__Task description__: Up to and including the line with "Free property data", reproduce the listing below exactly, beginning at its first line.

__Data__:
>>>>

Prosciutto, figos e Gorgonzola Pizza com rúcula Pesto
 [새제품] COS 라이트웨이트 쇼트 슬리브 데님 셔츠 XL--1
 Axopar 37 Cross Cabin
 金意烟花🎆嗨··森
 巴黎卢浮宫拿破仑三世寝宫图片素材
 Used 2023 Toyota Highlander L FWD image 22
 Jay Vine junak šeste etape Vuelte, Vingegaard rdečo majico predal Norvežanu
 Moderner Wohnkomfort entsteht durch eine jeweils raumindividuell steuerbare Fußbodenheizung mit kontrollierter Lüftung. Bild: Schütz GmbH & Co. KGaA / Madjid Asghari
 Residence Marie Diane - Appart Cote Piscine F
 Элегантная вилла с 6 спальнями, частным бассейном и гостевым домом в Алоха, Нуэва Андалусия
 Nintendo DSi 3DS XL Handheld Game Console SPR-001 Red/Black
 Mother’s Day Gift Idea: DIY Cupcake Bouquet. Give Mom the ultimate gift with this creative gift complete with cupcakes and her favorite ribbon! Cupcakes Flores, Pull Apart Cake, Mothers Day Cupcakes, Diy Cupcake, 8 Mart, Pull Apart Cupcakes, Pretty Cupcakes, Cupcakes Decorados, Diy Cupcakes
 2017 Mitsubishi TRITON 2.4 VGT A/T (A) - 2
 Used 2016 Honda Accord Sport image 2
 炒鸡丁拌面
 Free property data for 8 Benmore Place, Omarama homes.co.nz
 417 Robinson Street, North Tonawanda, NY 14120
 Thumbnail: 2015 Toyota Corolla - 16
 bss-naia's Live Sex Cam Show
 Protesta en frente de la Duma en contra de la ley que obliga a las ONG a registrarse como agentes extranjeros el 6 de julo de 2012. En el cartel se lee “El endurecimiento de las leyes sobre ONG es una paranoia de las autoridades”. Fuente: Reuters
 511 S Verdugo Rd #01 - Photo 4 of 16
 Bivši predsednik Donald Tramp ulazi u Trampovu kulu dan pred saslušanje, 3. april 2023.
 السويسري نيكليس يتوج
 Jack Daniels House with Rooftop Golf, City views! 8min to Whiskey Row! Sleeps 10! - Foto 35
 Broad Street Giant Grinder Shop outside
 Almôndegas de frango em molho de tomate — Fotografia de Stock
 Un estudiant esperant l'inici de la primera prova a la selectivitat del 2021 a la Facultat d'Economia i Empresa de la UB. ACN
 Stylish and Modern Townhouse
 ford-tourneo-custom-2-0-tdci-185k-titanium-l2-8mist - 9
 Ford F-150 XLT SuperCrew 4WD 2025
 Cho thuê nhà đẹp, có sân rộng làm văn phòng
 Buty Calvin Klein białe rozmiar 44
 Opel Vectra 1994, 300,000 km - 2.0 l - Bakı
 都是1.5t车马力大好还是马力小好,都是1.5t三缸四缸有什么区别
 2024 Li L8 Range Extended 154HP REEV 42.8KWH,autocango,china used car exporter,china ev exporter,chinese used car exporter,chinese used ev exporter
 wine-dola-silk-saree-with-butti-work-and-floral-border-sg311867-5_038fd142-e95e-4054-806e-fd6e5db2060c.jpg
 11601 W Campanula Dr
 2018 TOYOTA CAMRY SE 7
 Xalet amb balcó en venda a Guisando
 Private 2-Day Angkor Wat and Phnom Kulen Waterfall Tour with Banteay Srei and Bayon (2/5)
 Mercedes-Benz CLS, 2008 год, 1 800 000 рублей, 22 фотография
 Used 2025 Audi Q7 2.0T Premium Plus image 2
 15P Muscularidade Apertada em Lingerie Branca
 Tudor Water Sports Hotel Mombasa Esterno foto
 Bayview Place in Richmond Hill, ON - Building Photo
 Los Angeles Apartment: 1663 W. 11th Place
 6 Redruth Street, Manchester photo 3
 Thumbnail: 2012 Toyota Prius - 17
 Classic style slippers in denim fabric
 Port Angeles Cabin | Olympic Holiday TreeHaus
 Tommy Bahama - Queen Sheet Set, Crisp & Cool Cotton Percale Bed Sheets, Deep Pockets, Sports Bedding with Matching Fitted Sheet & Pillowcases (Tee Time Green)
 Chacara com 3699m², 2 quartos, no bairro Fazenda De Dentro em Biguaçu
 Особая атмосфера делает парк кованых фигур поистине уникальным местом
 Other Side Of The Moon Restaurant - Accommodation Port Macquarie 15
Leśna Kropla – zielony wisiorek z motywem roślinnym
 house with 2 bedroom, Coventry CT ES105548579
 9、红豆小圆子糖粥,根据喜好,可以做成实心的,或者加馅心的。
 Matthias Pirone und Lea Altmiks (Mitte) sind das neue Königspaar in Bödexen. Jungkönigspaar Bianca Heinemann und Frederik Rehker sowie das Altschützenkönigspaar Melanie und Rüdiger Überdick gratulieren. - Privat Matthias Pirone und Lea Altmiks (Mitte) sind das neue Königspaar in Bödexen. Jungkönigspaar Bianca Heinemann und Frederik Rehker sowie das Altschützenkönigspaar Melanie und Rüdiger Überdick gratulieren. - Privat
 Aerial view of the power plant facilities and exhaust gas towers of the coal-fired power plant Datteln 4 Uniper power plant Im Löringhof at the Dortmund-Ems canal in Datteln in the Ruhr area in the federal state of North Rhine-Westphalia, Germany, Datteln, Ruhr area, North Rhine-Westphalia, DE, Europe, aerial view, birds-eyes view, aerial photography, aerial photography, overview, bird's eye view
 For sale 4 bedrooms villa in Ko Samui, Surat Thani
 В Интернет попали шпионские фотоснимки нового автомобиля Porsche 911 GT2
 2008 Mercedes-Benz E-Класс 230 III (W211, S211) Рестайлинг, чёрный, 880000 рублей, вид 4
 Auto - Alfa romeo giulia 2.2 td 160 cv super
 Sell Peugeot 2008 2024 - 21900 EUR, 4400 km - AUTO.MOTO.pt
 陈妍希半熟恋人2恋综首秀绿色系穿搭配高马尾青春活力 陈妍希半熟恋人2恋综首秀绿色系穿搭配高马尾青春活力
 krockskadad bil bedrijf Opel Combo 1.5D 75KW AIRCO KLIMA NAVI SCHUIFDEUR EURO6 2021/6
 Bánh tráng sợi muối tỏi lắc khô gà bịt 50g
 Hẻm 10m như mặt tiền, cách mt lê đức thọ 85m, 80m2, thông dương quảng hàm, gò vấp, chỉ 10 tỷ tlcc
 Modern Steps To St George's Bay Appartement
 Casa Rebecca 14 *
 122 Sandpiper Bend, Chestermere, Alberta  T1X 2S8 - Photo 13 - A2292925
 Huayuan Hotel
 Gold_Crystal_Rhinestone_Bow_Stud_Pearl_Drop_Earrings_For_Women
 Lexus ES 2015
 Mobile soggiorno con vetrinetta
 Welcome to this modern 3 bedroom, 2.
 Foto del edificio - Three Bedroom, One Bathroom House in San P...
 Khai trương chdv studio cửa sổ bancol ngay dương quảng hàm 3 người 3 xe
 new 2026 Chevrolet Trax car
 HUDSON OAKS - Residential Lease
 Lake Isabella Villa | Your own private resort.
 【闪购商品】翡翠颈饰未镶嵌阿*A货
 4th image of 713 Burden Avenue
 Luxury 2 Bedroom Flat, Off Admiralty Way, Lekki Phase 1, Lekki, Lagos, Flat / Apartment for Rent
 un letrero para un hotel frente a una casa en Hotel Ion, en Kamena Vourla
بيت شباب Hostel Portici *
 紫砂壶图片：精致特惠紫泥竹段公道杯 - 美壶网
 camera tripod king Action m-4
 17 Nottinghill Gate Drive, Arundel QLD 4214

<<<<

__Reply to the task__:
Prosciutto, figos e Gorgonzola Pizza com rúcula Pesto
 [새제품] COS 라이트웨이트 쇼트 슬리브 데님 셔츠 XL--1
 Axopar 37 Cross Cabin
 金意烟花🎆嗨··森
 巴黎卢浮宫拿破仑三世寝宫图片素材
 Used 2023 Toyota Highlander L FWD image 22
 Jay Vine junak šeste etape Vuelte, Vingegaard rdečo majico predal Norvežanu
 Moderner Wohnkomfort entsteht durch eine jeweils raumindividuell steuerbare Fußbodenheizung mit kontrollierter Lüftung. Bild: Schütz GmbH & Co. KGaA / Madjid Asghari
 Residence Marie Diane - Appart Cote Piscine F
 Элегантная вилла с 6 спальнями, частным бассейном и гостевым домом в Алоха, Нуэва Андалусия
 Nintendo DSi 3DS XL Handheld Game Console SPR-001 Red/Black
 Mother’s Day Gift Idea: DIY Cupcake Bouquet. Give Mom the ultimate gift with this creative gift complete with cupcakes and her favorite ribbon! Cupcakes Flores, Pull Apart Cake, Mothers Day Cupcakes, Diy Cupcake, 8 Mart, Pull Apart Cupcakes, Pretty Cupcakes, Cupcakes Decorados, Diy Cupcakes
 2017 Mitsubishi TRITON 2.4 VGT A/T (A) - 2
 Used 2016 Honda Accord Sport image 2
 炒鸡丁拌面
 Free property data for 8 Benmore Place, Omarama homes.co.nz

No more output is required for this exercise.